- What you are asked to do
How many lines in the data below contain the string "look"? State that number only.

(Supplied data Opens)

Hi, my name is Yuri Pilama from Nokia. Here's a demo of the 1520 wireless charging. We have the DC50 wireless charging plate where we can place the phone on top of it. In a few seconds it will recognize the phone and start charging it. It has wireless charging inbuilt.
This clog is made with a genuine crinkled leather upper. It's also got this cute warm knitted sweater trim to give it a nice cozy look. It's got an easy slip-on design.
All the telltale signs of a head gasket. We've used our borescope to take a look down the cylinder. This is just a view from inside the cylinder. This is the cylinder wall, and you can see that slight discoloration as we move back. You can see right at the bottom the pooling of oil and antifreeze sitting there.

(Supplied data Closes)
(Supplied data Opens)

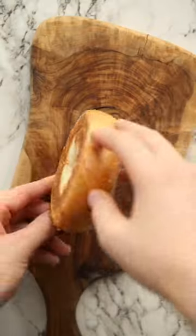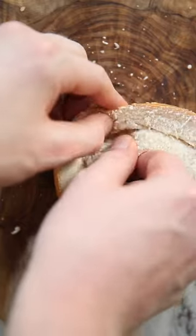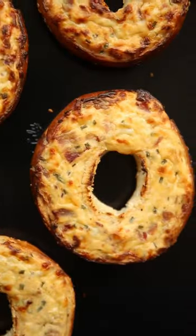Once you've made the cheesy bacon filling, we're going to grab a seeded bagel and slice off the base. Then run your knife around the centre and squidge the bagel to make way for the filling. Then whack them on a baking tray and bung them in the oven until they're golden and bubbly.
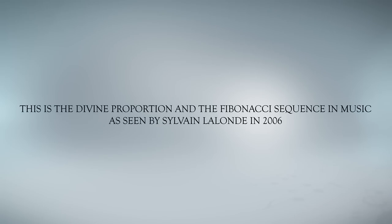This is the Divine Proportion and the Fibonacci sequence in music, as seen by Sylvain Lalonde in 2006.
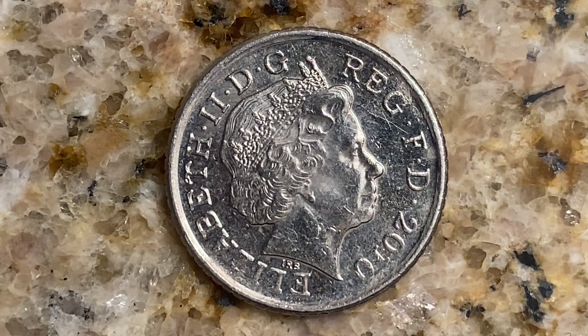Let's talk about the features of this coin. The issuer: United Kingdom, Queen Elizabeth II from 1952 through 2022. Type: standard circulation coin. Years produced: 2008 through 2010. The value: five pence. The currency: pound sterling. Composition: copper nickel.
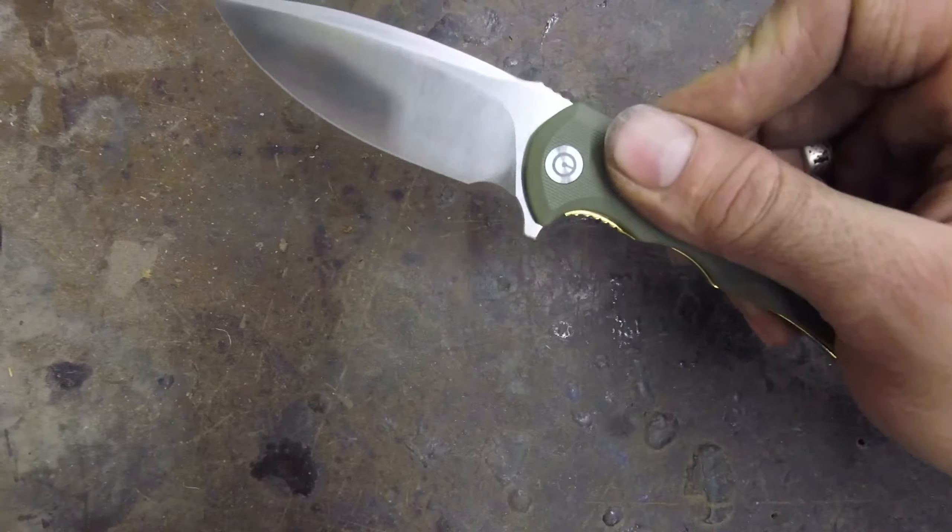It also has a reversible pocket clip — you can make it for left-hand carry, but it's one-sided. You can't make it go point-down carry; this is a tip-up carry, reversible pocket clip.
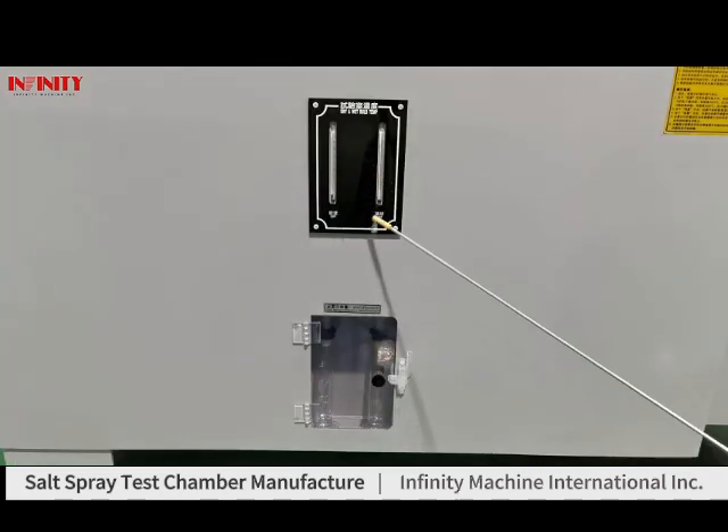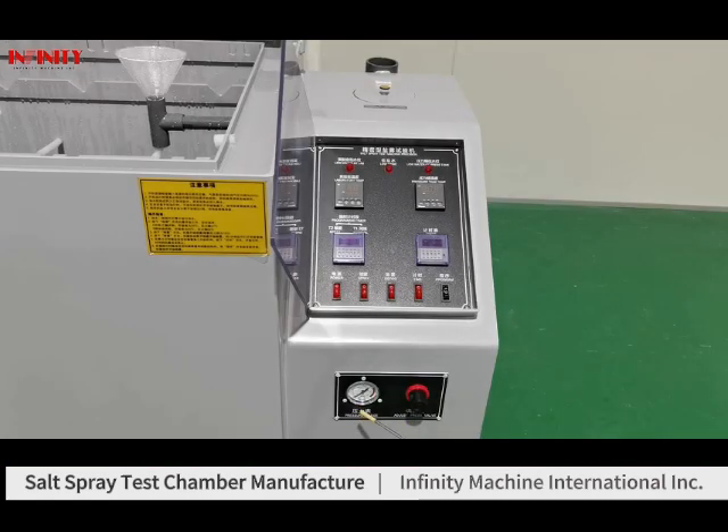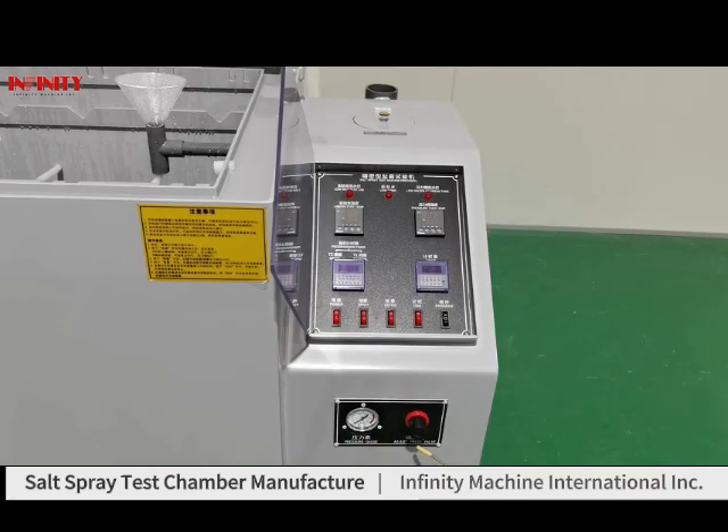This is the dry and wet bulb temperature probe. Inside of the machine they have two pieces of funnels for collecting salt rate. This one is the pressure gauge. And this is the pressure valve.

(Supplied data Closes)

- Response for this exercise
2